ON HOME I’ve lived in West Cork for the past ten years, on a windswept hill close to the coast, in a characterful old farmhouse replete with books, ethnic rugs, birds’ nests, spider webs and unfulfilled art projects. I adore it here, but the fact is that I’m a renter in my forties. Like very many people in this country right now, I am living without any realistic possibility of ever being able to afford to buy property, and especially in this region, which is increasingly falling prey to rural gentrification, and is something I have written about in mynew book, Opening Night.
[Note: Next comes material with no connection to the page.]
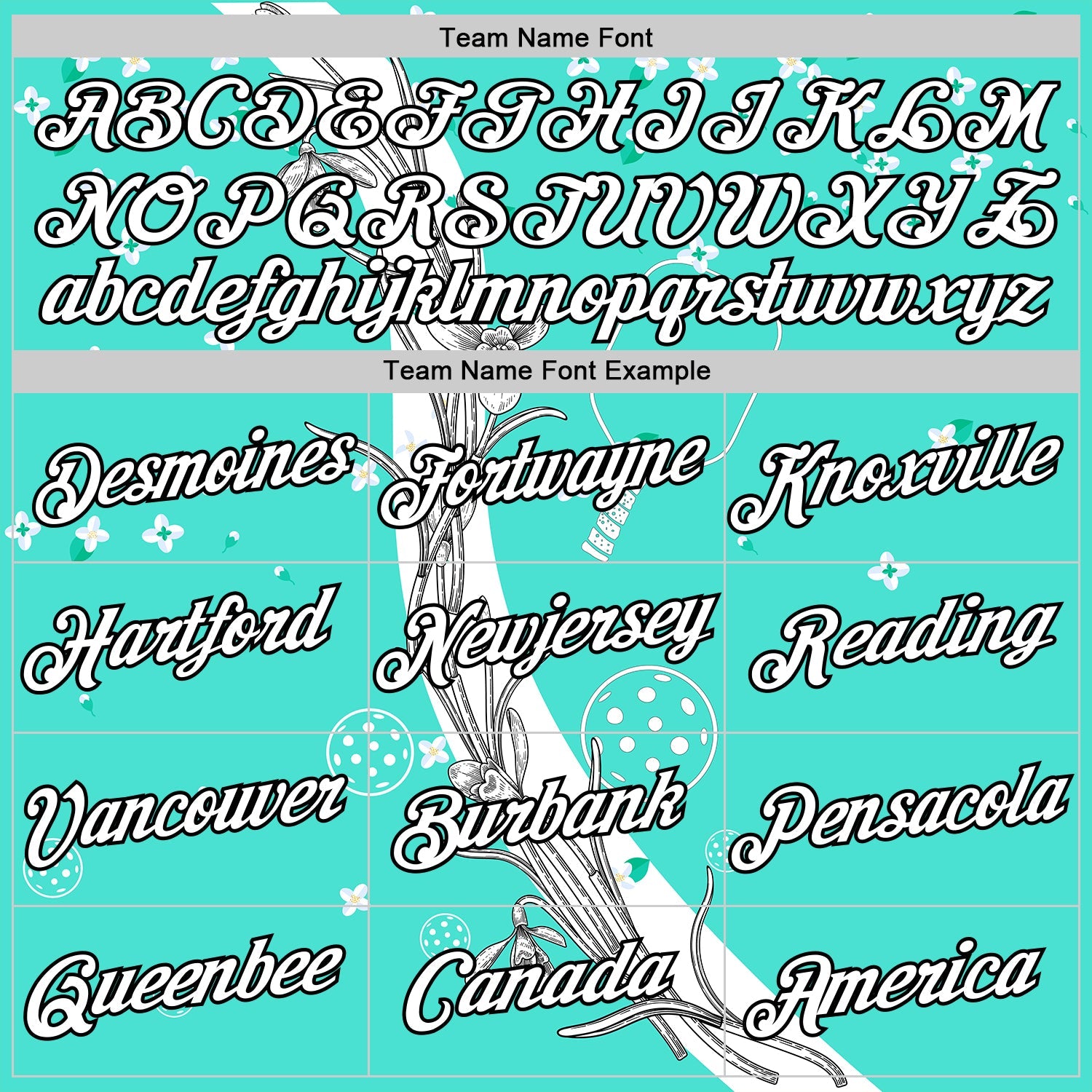 Custom Green White-Black 3D Pickleball Paddles Balls Floral Performance T-Shirt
ON ROOTS The whole idea of belonging and connection to place is a recurring theme in Opening Night, which charts the early years of my friendship with an American painter called Mollie Douthit. When she and I first met, we were each working on projects that relate to our maternal grandmothers, who were both emigrants. Neither Mollie nor I come from a family with deep roots in a particular geographic location, and this is a condition we have each been drawn to explore through our respective mediums.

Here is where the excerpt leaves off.